### Action item
If you see a picture in the data below, omit it and copy the rest exactly.

### Data provided
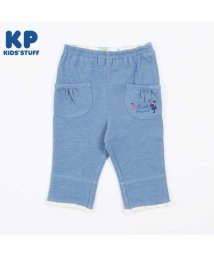 KP(ケーピー)/KP(ケーピー)デニム風ニットツイル裾ロールアップ7分丈パンツ(80～90)/ブルー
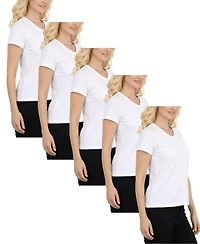 Galaxy By Harvic Women's Relaxed Fit V-Neck Short Sleeve T-Shirt-5 Pack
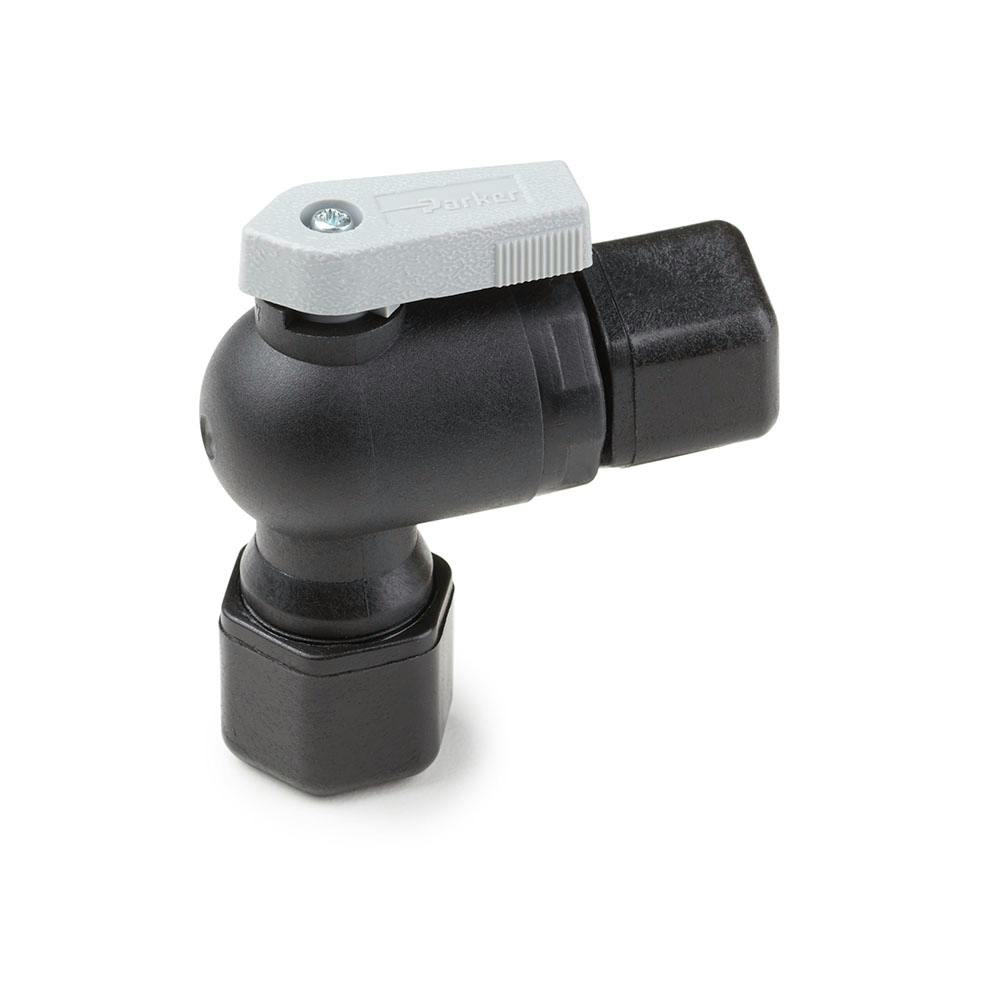 1/2" Tube OD x 1/2" Tube OD Black Polypropylene Union Elbow Ball Valve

### Solved exercise
 KP(ケーピー)/KP(ケーピー)デニム風ニットツイル裾ロールアップ7分丈パンツ(80～90)/ブルー
 Galaxy By Harvic Women's Relaxed Fit V-Neck Short Sleeve T-Shirt-5 Pack
 1/2" Tube OD x 1/2" Tube OD Black Polypropylene Union Elbow Ball Valve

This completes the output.